Ich fühle mich aktuell gut vorbereitet und freue mich auf den Start. Die Zeit in Bad Tatzmannsdorf konnte ich sehr gut nutzen und mehr Einheiten mit meinen Coaches einlegen, als unter normalen Umständen möglich gewesen wäre. Natürlich muss man sich wieder an den Rhythmus im Turniergolf gewöhnen und die Events werden anders als gewohnt ablaufen. Ich bin aber guter Dinge, will versuchen, mir Chancen zu erarbeiten, und bin überzeugt, dies auch bei den Turnieren in Amerika machen zu können.

Wie sehen Sie die Zukunft des Profi-Golfsports und speziell der stark gebeutelten European Tour?
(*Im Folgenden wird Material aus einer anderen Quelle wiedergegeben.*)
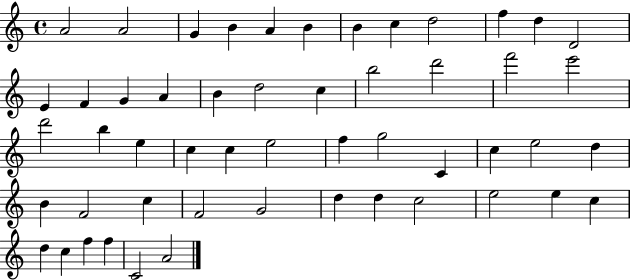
X:1
T:Untitled
M:4/4
L:1/4
K:C
A2 A2 G B A B B c d2 f d D2 E F G A B d2 c b2 d'2 f'2 e'2 d'2 b e c c e2 f g2 C c e2 d B F2 c F2 G2 d d c2 e2 e c d c f f C2 A2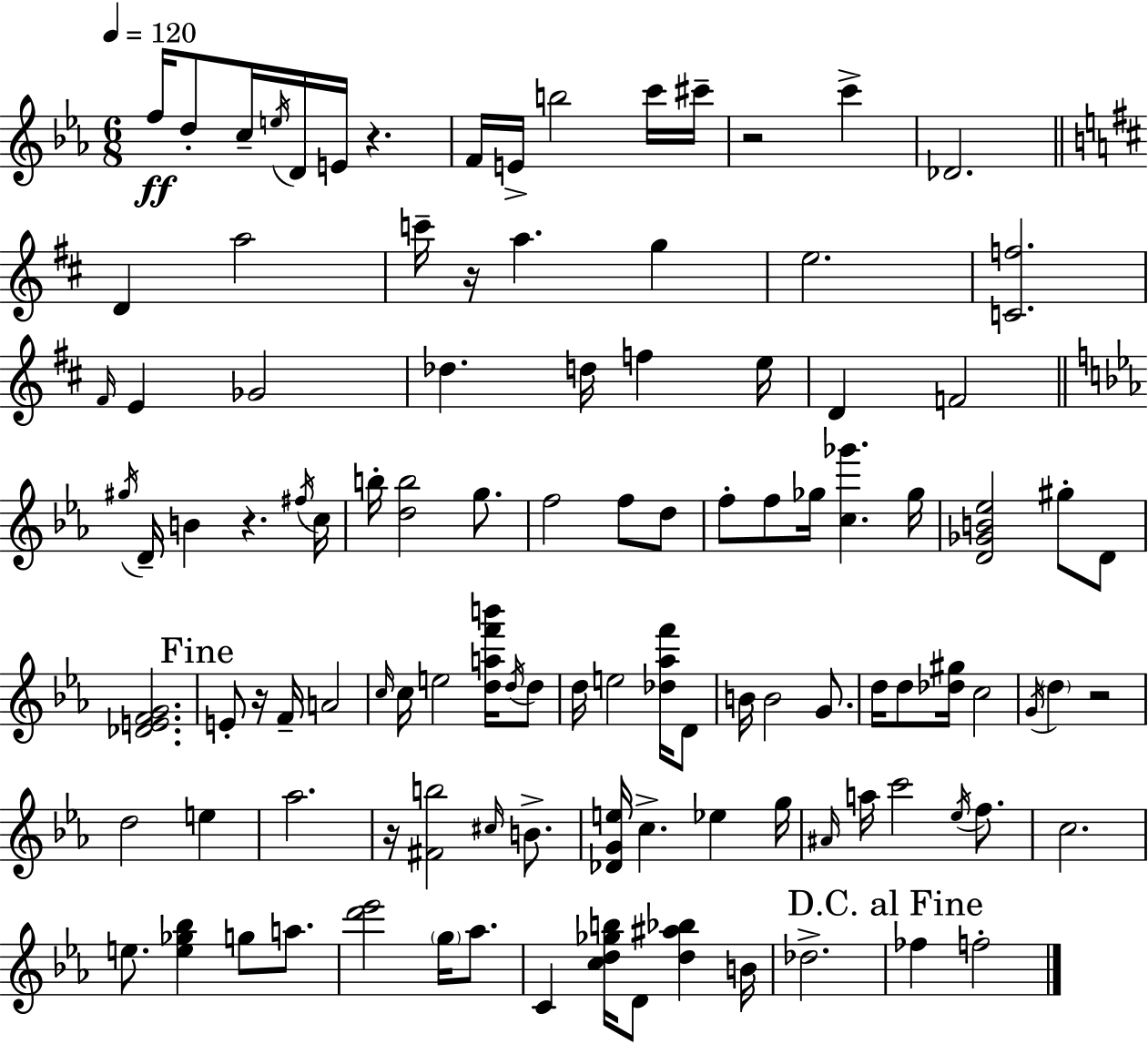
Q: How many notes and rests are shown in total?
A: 109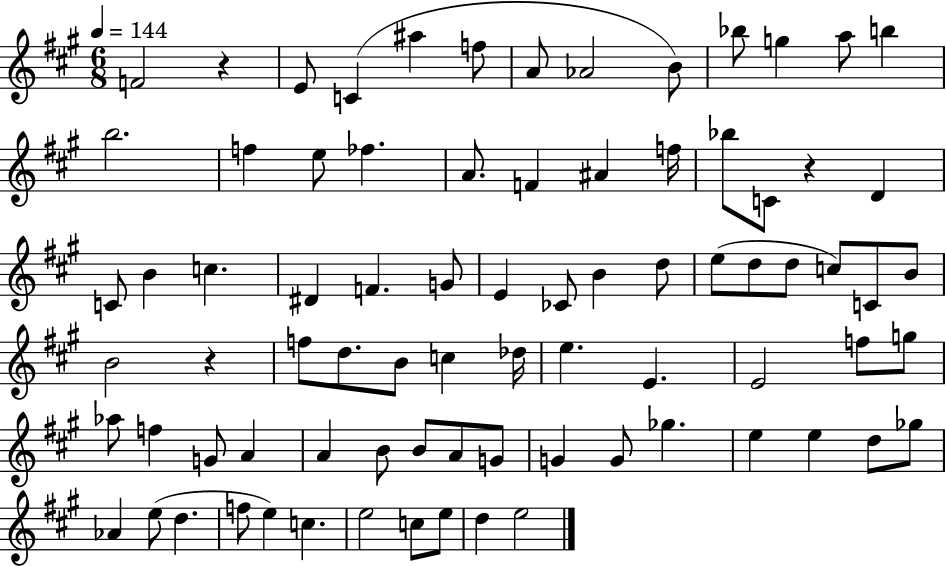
F4/h R/q E4/e C4/q A#5/q F5/e A4/e Ab4/h B4/e Bb5/e G5/q A5/e B5/q B5/h. F5/q E5/e FES5/q. A4/e. F4/q A#4/q F5/s Bb5/e C4/e R/q D4/q C4/e B4/q C5/q. D#4/q F4/q. G4/e E4/q CES4/e B4/q D5/e E5/e D5/e D5/e C5/e C4/e B4/e B4/h R/q F5/e D5/e. B4/e C5/q Db5/s E5/q. E4/q. E4/h F5/e G5/e Ab5/e F5/q G4/e A4/q A4/q B4/e B4/e A4/e G4/e G4/q G4/e Gb5/q. E5/q E5/q D5/e Gb5/e Ab4/q E5/e D5/q. F5/e E5/q C5/q. E5/h C5/e E5/e D5/q E5/h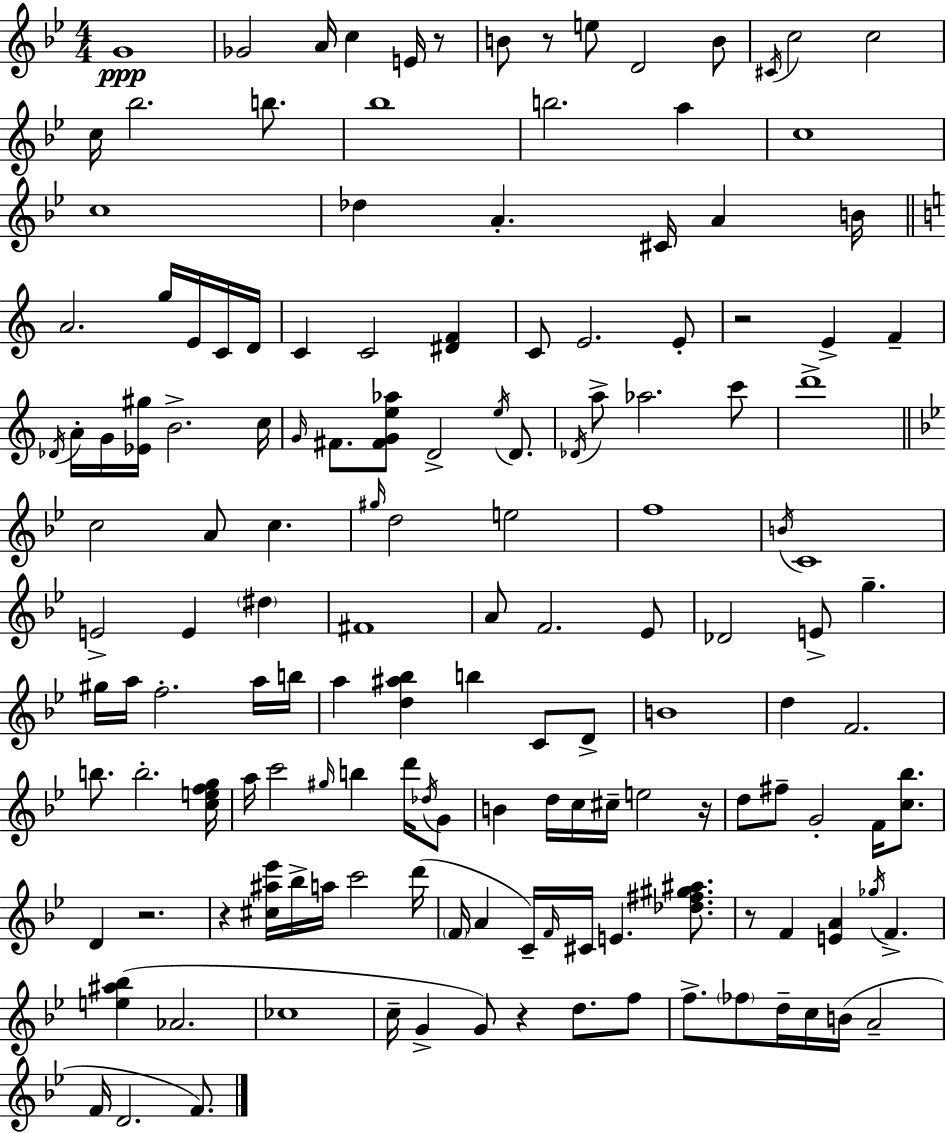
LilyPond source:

{
  \clef treble
  \numericTimeSignature
  \time 4/4
  \key bes \major
  g'1\ppp | ges'2 a'16 c''4 e'16 r8 | b'8 r8 e''8 d'2 b'8 | \acciaccatura { cis'16 } c''2 c''2 | \break c''16 bes''2. b''8. | bes''1 | b''2. a''4 | c''1 | \break c''1 | des''4 a'4.-. cis'16 a'4 | b'16 \bar "||" \break \key a \minor a'2. g''16 e'16 c'16 d'16 | c'4 c'2 <dis' f'>4 | c'8 e'2. e'8-. | r2 e'4-> f'4-- | \break \acciaccatura { des'16 } a'16-. g'16 <ees' gis''>16 b'2.-> | c''16 \grace { g'16 } fis'8. <fis' g' e'' aes''>8 d'2-> \acciaccatura { e''16 } | d'8. \acciaccatura { des'16 } a''8-> aes''2. | c'''8 d'''1-> | \break \bar "||" \break \key bes \major c''2 a'8 c''4. | \grace { gis''16 } d''2 e''2 | f''1 | \acciaccatura { b'16 } c'1 | \break e'2-> e'4 \parenthesize dis''4 | fis'1 | a'8 f'2. | ees'8 des'2 e'8-> g''4.-- | \break gis''16 a''16 f''2.-. | a''16 b''16 a''4 <d'' ais'' bes''>4 b''4 c'8 | d'8-> b'1 | d''4 f'2. | \break b''8. b''2.-. | <c'' e'' f'' g''>16 a''16 c'''2 \grace { gis''16 } b''4 | d'''16 \acciaccatura { des''16 } g'8 b'4 d''16 c''16 cis''16-- e''2 | r16 d''8 fis''8-- g'2-. | \break f'16 <c'' bes''>8. d'4 r2. | r4 <cis'' ais'' ees'''>16 bes''16-> a''16 c'''2 | d'''16( \parenthesize f'16 a'4 c'16--) \grace { f'16 } cis'16 e'4. | <des'' fis'' gis'' ais''>8. r8 f'4 <e' a'>4 \acciaccatura { ges''16 } | \break f'4.-> <e'' ais'' bes''>4( aes'2. | ces''1 | c''16-- g'4-> g'8) r4 | d''8. f''8 f''8.-> \parenthesize fes''8 d''16-- c''16 b'16( a'2-- | \break f'16 d'2. | f'8.) \bar "|."
}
Das Jahr stellt den Profisport vor eine schwierige Aufgabe. Die obersten beiden Touren beginnen nun langsam wieder mit Events, auf den unteren Ebenen schweben die Spieler allerdings in Ungewissheit. Ich hoffe, dass sich auch hier bald Lösungen finden lassen und der Turnierbetrieb wieder aufgenommen werden kann. Da die Events der European Tour auf der ganzen Welt ausgetragen werden, ist es sicherlich schwieriger zu planen als auf der PGA Tour. Der Kalender wurde jedoch komplett überarbeitet und die Finalserie nach hinten verschoben. Nun gilt es zu hoffen, dass die Maßnahmen in den einzelnen Ländern gut umgesetzt werden und sich die aktuelle Lage weltweit schnell verbessert. Dabei geht es aber um viel mehr als nur den Golfsport.